Bay Area duo working to put the region on the map as a hot spot for filmmakers
Bay Area duo working to put the region on the map as a hot spot for filmmakers 03:39

You hear "film industry" and many people immediately think "Hollywood." But an enterprising pair has been working to put the Bay Area on the map as a hot spot for filmmakers for the last 11 years.

With lights, cameras, and a red carpet, Marcus Sams and Dave Moutray set up the kind of social event you'd usually find in Los Angeles.

But this is San Francisco, and that's the point. After film school, Moutray saw too many friends leave the Bay Area for film careers.

"It made me sad that L.A. was the destination," he said. "In my heart, I wanted the Bay Area to be the destination for filmmakers."

Moutray and his friend Marcus Sams created the Bay Area Film Mixer in 2012 to keep filmmakers local. The pair have organized quarterly social and screening events to share resources and job opportunities.

Sams says the connections can bring collaborations that can take filmmakers and video producers to another level.

"They came to a couple of mixers and said, 'Yo, I literally got my entire crew and my actors from one mixer,'" Sams recalled.
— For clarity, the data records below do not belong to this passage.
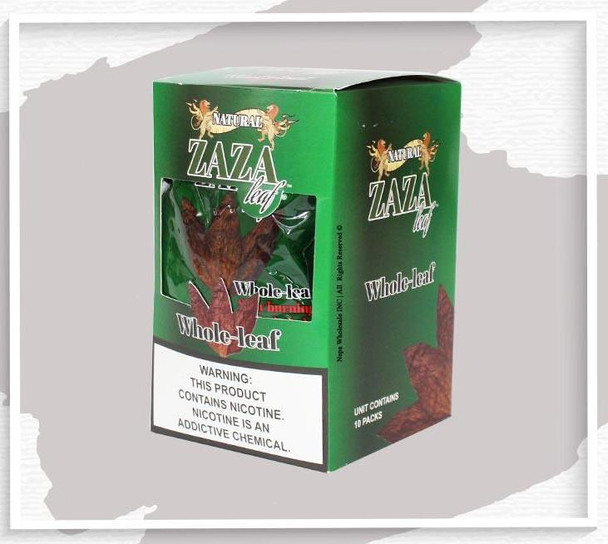 Zaza Natural Whole Leaf Wraps 10Ct, a green box of whole leaf wraps with transparent window showing the brown leaves inside.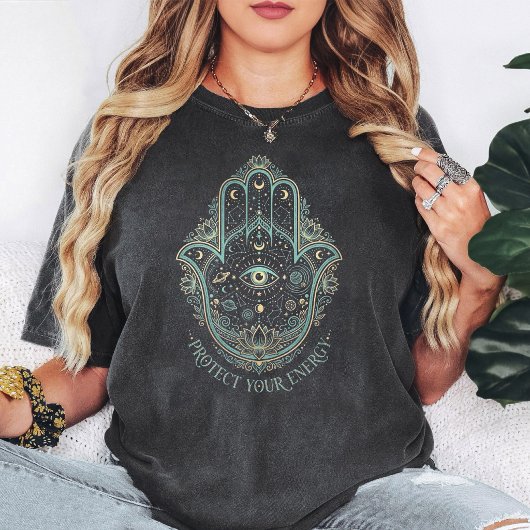 Hemsa Hand Hemelse Oogbeschermingsontwerp T-shirt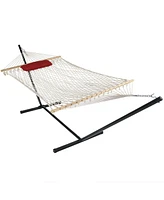Rope Hammock with 12-Foot Stand and Pad - 275-Pound Capacity Blue Green Chevron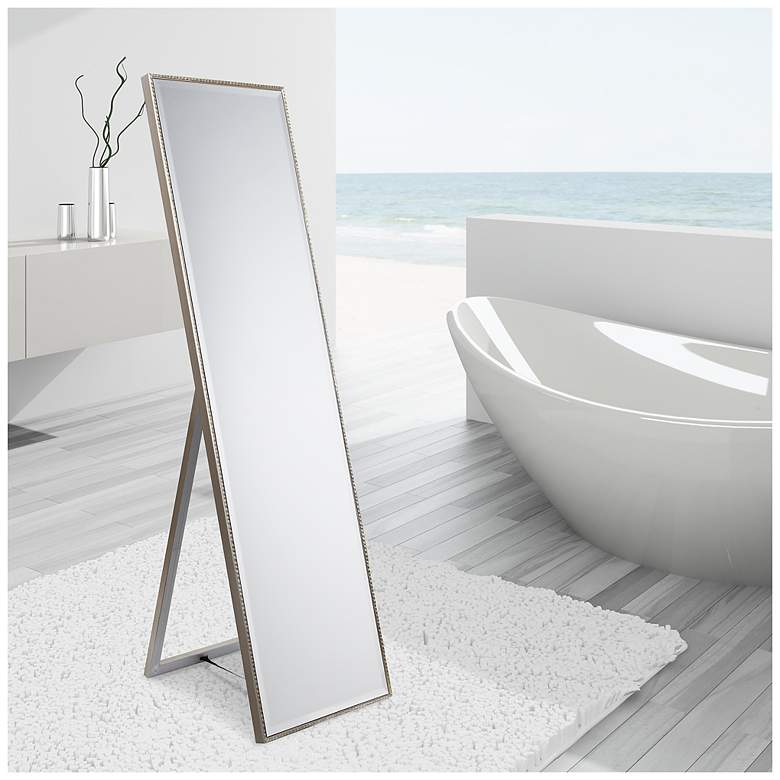 Image 7 Traverse Moderno Pewter 18" x 64" Rectangular Floor Mirror more views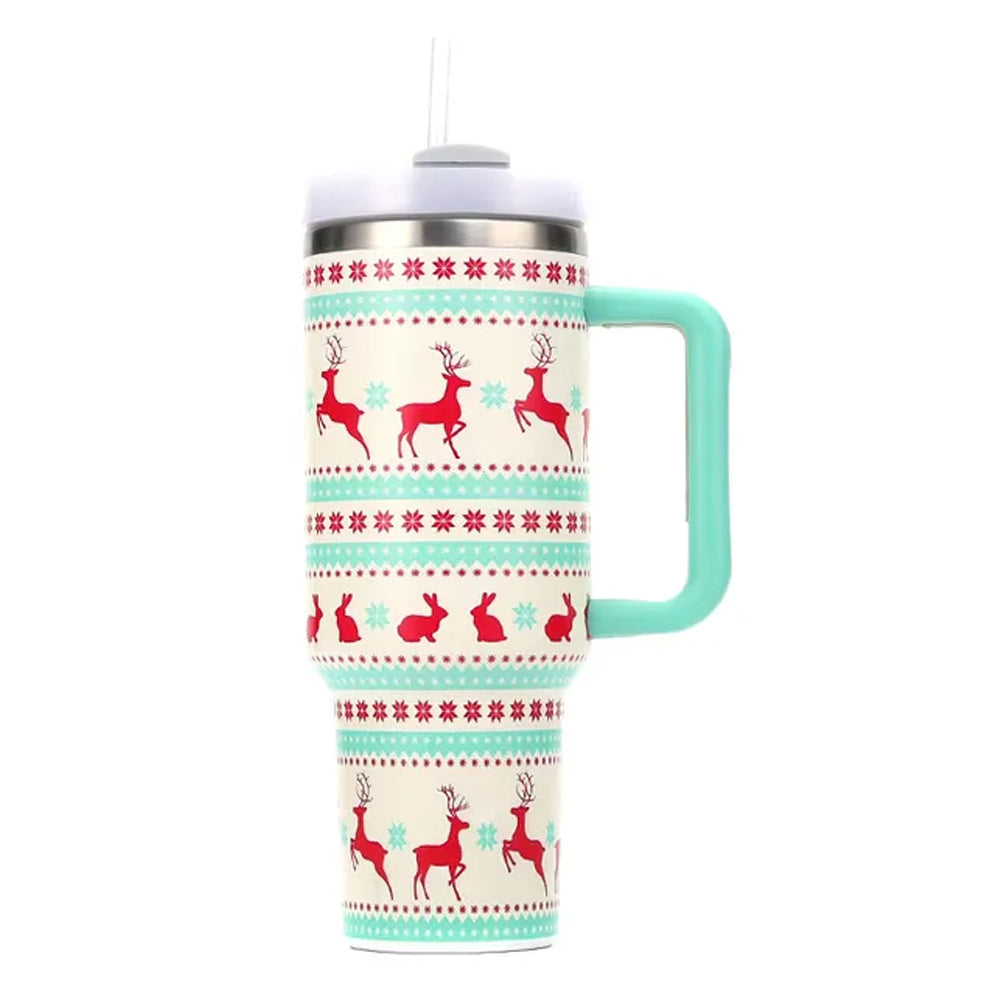 40oz Stainless Steel Christmas Pattern Water Bottle Thermal Mug Travel Tumbler Christmas Gifts Green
The Bay Area Film Mixer network has grown from a few dozen to 3,400 people, and a recent event held at 111 Minna Gallery was one of the largest so far.

For some small filmmakers, the mixers are their only chance of getting their work screened. Marcus Bruno says he's gained resources he never would have gotten in L.A.

"Up here, a lot of people volunteer. It's important for the community, a blessing for me," Bruno said. "I never would've known how to get a crew together had I not gone to Bay Area Film Mixer

Actress Jacqueline O'Kelly says the close-knit network starts at the top, with Moutray, who owns a video production company, and Sams, who has his own improv training center.

"Dave and Marcus are very sociable, very kind and generous individuals, always extending a personal invitation to Bay Area Film Mixer events," O'Kelly explained.

"Whenever people come together to work on a project together, I bring a brick, you bring a brick, and we keep doing it, then, 'Oh, look at the building we've just made,'" Sams said. "That feeling of collaboration is amazing."

"That's one of the things that inspires me the most is seeing how Bay Area Film Mixer has inspired filmmakers who, like I said, not just to stay here, but to do their best work here," added Moutray.

The Bay Area Film Mixer is looking for a new home as its old venue closed. The group is not a nonprofit, but it is financially supported by the nonprofit WeXL.